Stored entries:
-.-.-

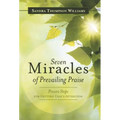 Seven Miracles of Prevailing Praise: Proven Steps for Getting God's Attention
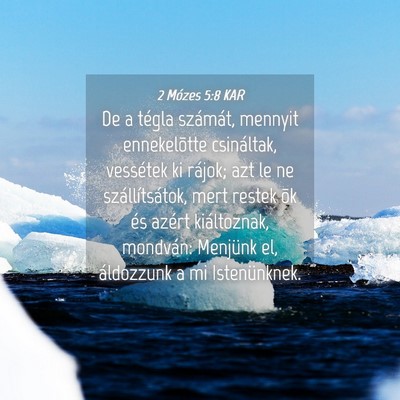 Picture 04 - 2 Mózes 5:8 KAR - De a tégla számát, mennyit ennekelõtte - Bible Verse Picture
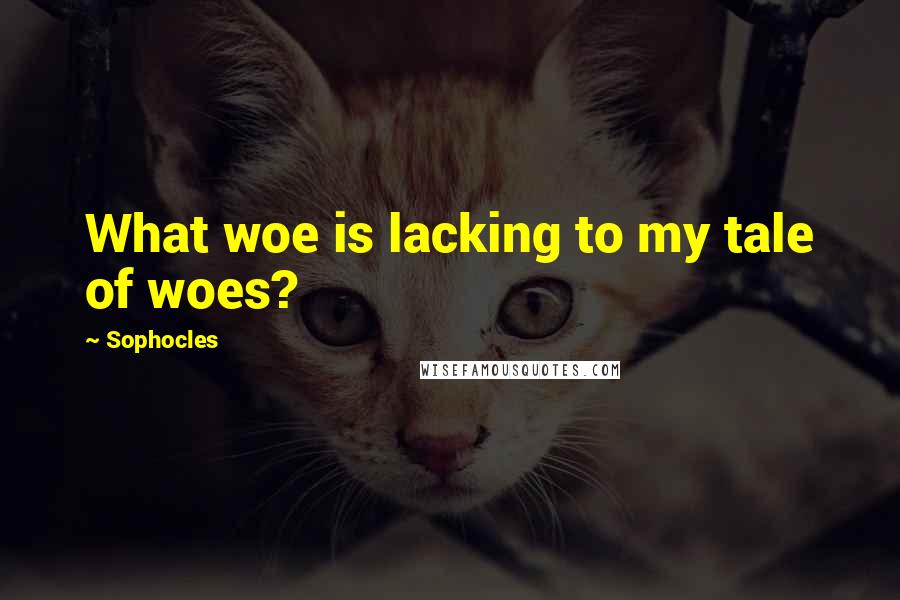 Sophocles quotes: What woe is lacking to my tale of woes?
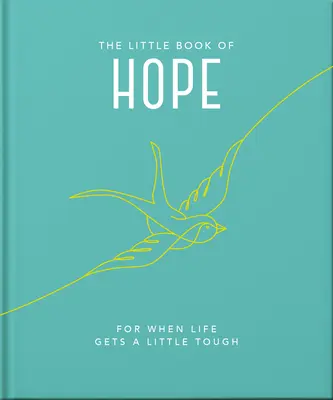 Mica carte a speranței: Pentru când viața devine un pic mai grea - The Little Book of Hope: For When Life Gets a Little Tough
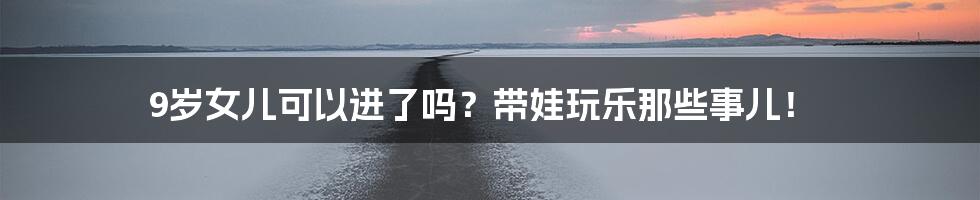 9岁女儿可以进了吗？带娃玩乐那些事儿！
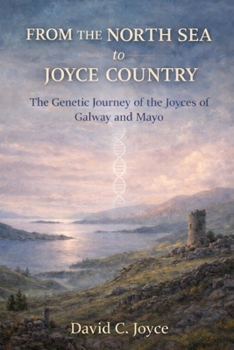 From the North Sea to Joyce Country: The Genetic Journey of the Joyces of Galway and Mayo (The Genetic Journeys Series)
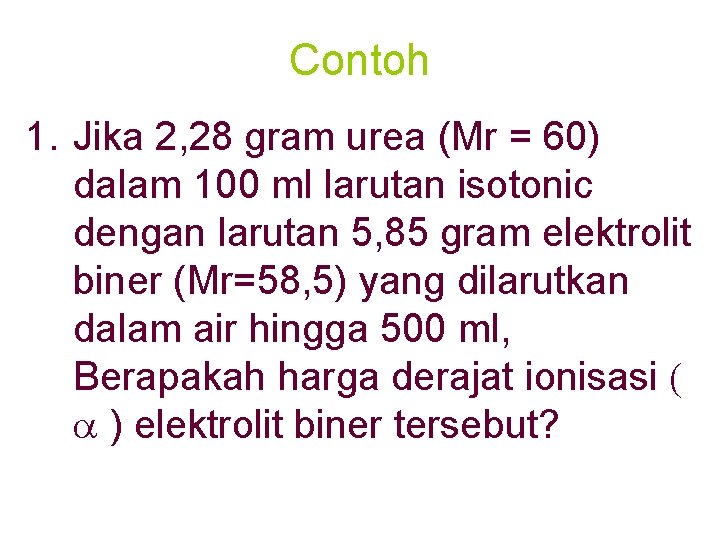 Contoh 1. Jika 2, 28 gram urea (Mr = 60) dalam 100 ml larutan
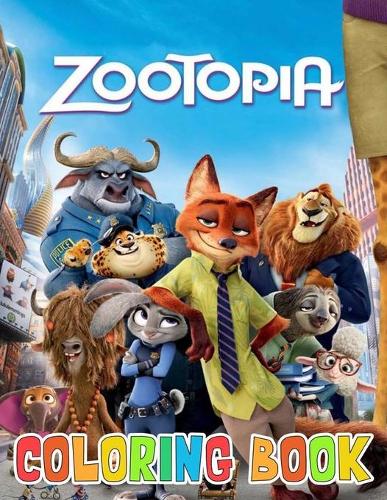 Zootopia Coloring Book: Perfect Gift For Fans Of Zootopia With Flawless Illustrations Of Zootopia Characters To Color And Leave All Stress Behind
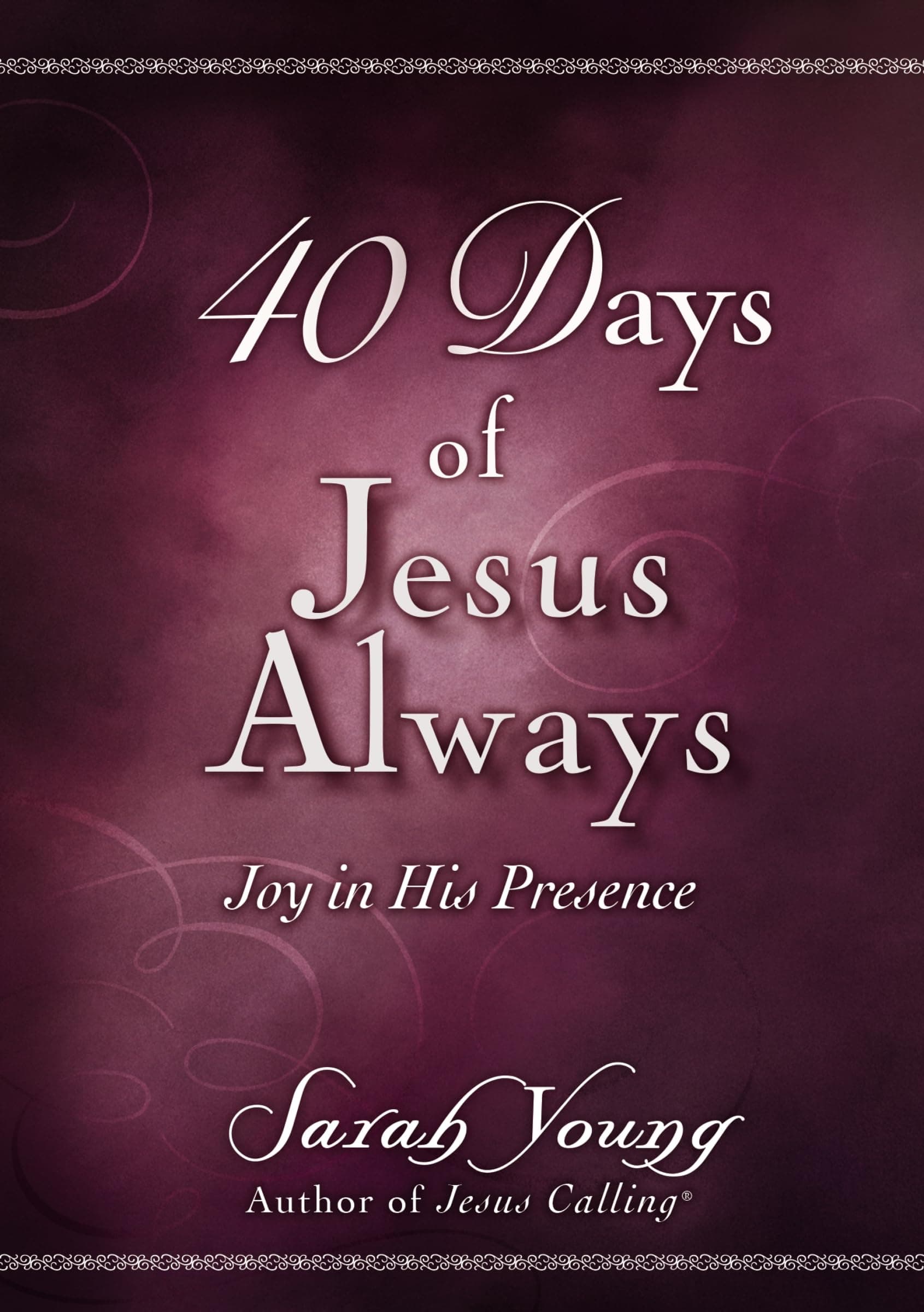 40 Days of Jesus Always: Joy in His Presence (A 40-Day Devotional) – The Perfect Christian Gift for Lent and Easter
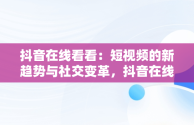 抖音在线看看：短视频的新趋势与社交变革，抖音在线查看功能 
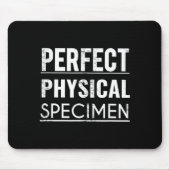 Perfect Physical Specimen Quote Funny Saying Gift  Muismat (Voorkant)
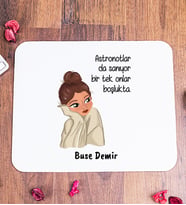 Astronotlar Sanıyor Tasarım Kişiye Özel Mouse Pad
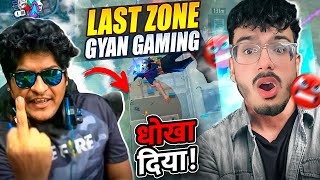 Gyan Gaming Ne Dia धोखा Last Zone Mi 🤬🤬 Garena Free Fire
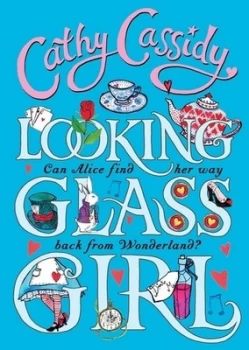 Image of Looking-Glass Girl by Cathy Cassidy Hardback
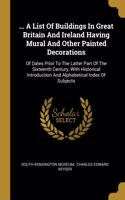 ... A List Of Buildings In Great Britain And Ireland Having Mural And Other Painted Decorations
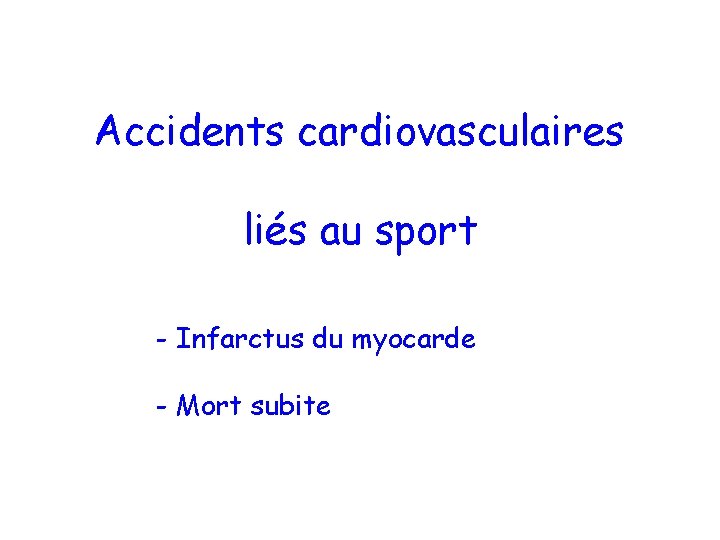 Accidents cardiovasculaires liés au sport - Infarctus du myocarde - Mort subite 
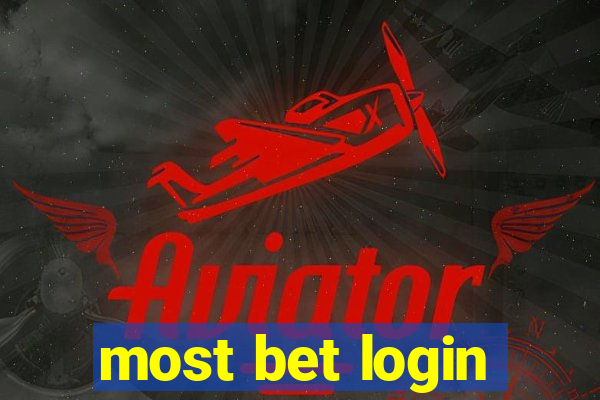 most bet login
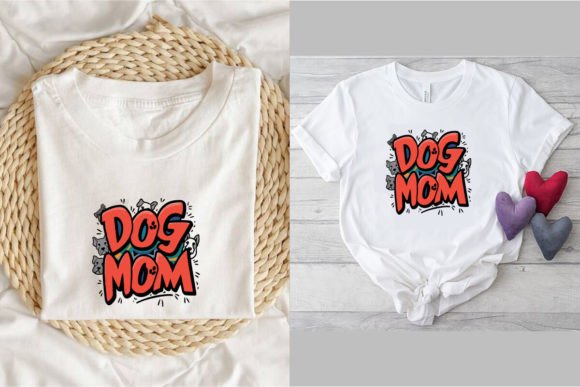 Download Dog Mom, Dog Mom Shirt, Mother's Day 2 - Mother Collection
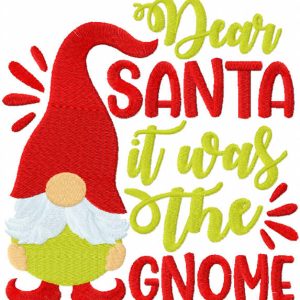 Dear santa it was the gnome embroidery design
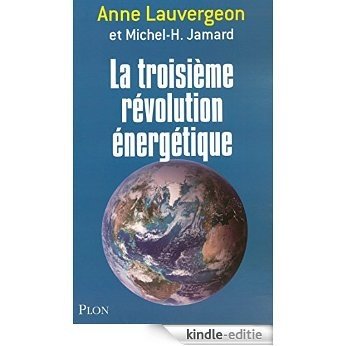 La troisième révolution énergétique [Kindle-editie]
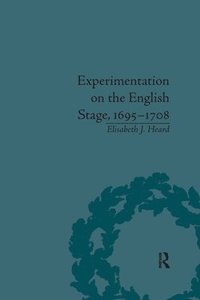 bokomslag Experimentation on the English Stage, 1695-1708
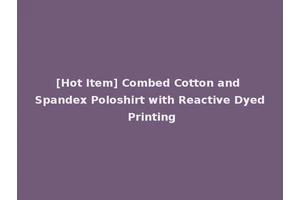 [Hot Item] Combed Cotton and Spandex Poloshirt with Reactive Dyed Printing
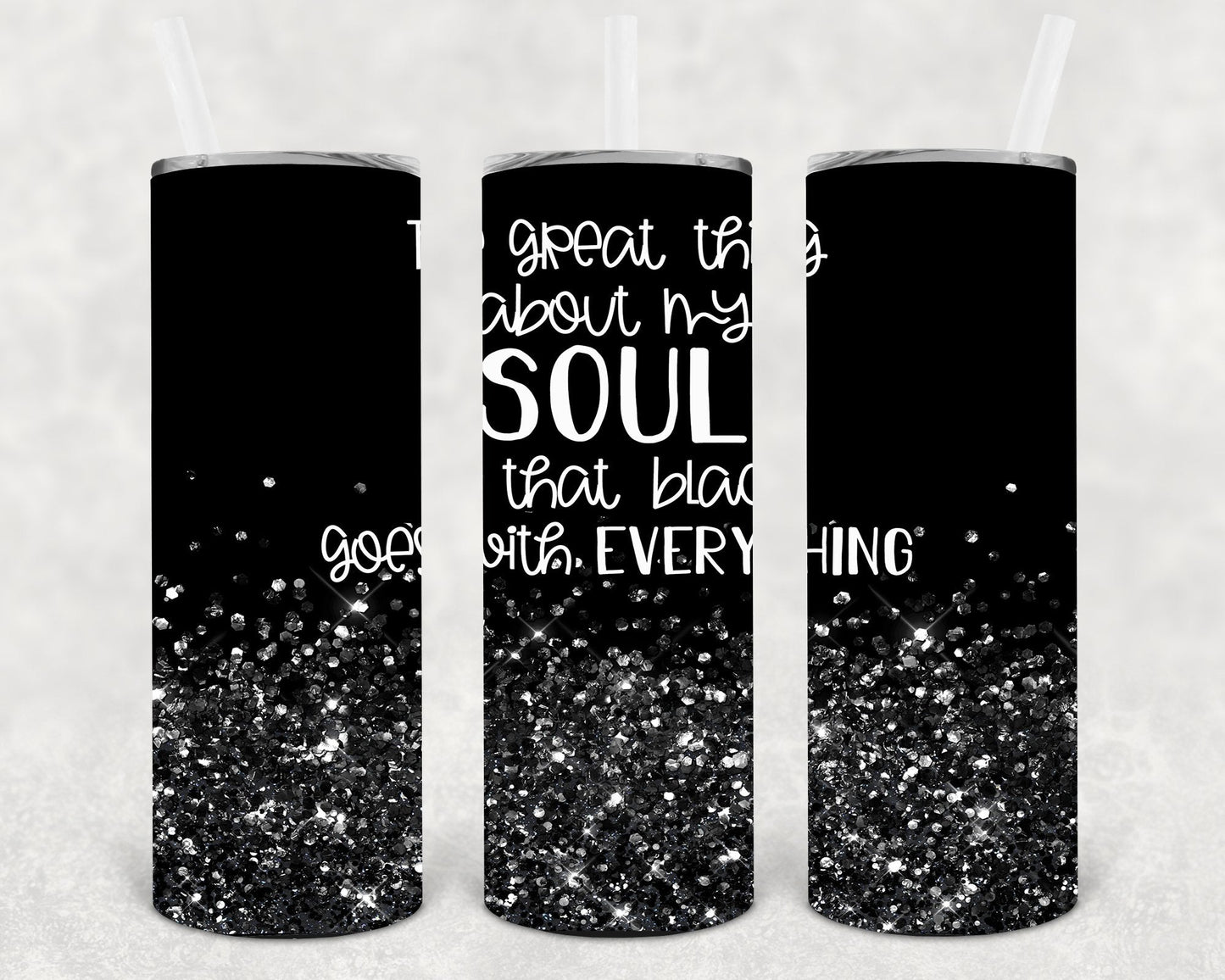The Great Thing About My Soul is That Black Goes with Everything 20 oz Skinny Tumbler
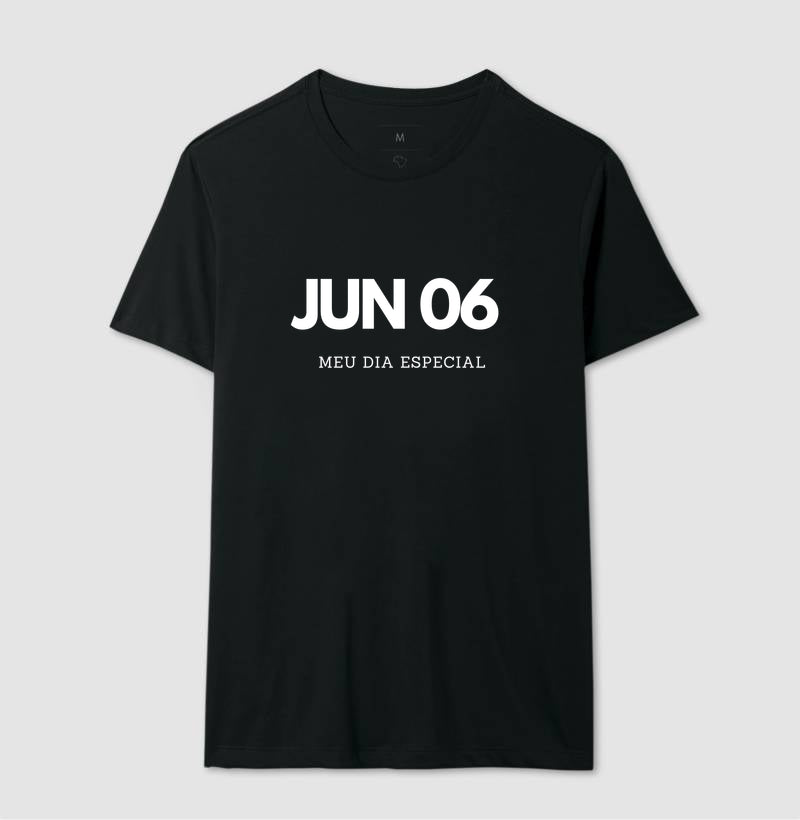 Camiseta 6 de Junho Meu Dia Especial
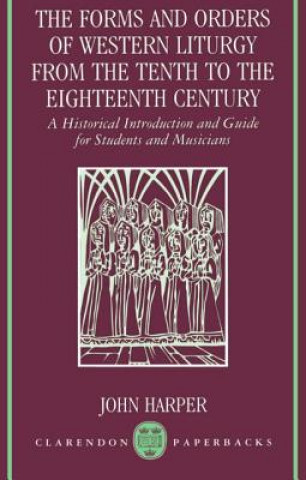 Forms and Orders of Western Liturgy from the Tenth to the Eighteenth Century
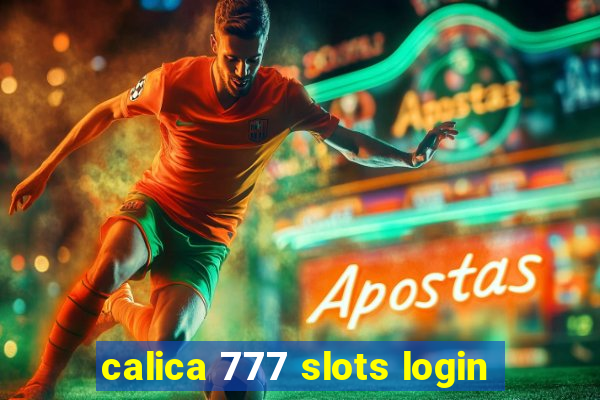 calica 777 slots login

-.-.-

Repeat, word for word and with no pictures, only the lines running from the beginning of the data to the line that contains "40 Days of Jesus".

 Seven Miracles of Prevailing Praise: Proven Steps for Getting God's Attention
 Picture 04 - 2 Mózes 5:8 KAR - De a tégla számát, mennyit ennekelõtte - Bible Verse Picture
 Sophocles quotes: What woe is lacking to my tale of woes?
 Mica carte a speranței: Pentru când viața devine un pic mai grea - The Little Book of Hope: For When Life Gets a Little Tough
 9岁女儿可以进了吗？带娃玩乐那些事儿！
 From the North Sea to Joyce Country: The Genetic Journey of the Joyces of Galway and Mayo (The Genetic Journeys Series)
 Contoh 1. Jika 2, 28 gram urea (Mr = 60) dalam 100 ml larutan
 Zootopia Coloring Book: Perfect Gift For Fans Of Zootopia With Flawless Illustrations Of Zootopia Characters To Color And Leave All Stress Behind
 40 Days of Jesus Always: Joy in His Presence (A 40-Day Devotional) – The Perfect Christian Gift for Lent and Easter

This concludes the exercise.